### Data for the task

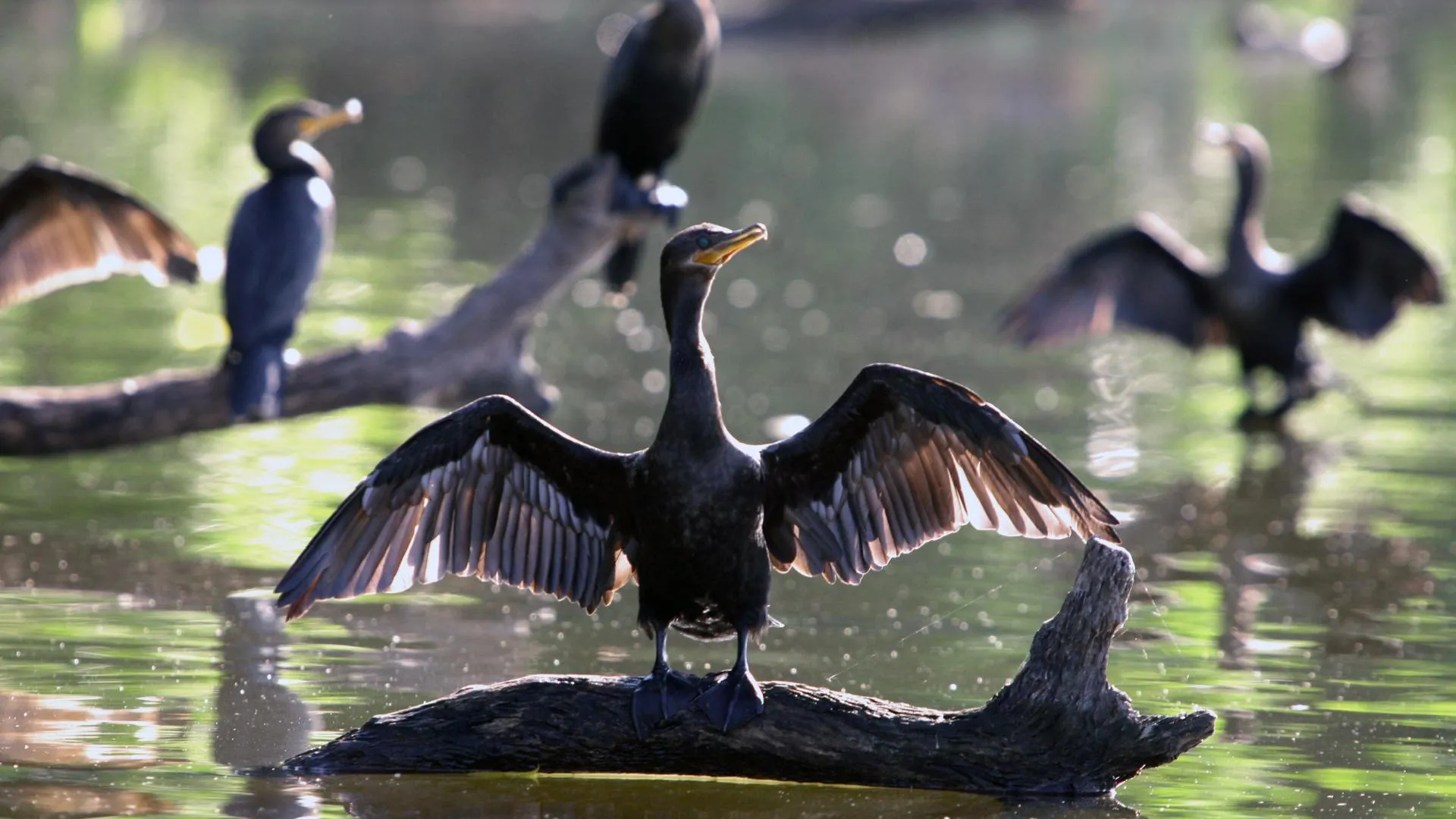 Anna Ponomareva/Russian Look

==

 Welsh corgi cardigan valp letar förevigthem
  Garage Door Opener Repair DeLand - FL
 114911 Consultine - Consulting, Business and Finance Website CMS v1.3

### Work to complete
From the data above, output only the lines between the line containing "Garage Door Opener Repair DeLand - FL" and the line containing "114911 Consultine - Consulting, Business", inclusive, exactly as written.

### Solution to this problem
  Garage Door Opener Repair DeLand - FL
 114911 Consultine - Consulting, Business and Finance Website CMS v1.3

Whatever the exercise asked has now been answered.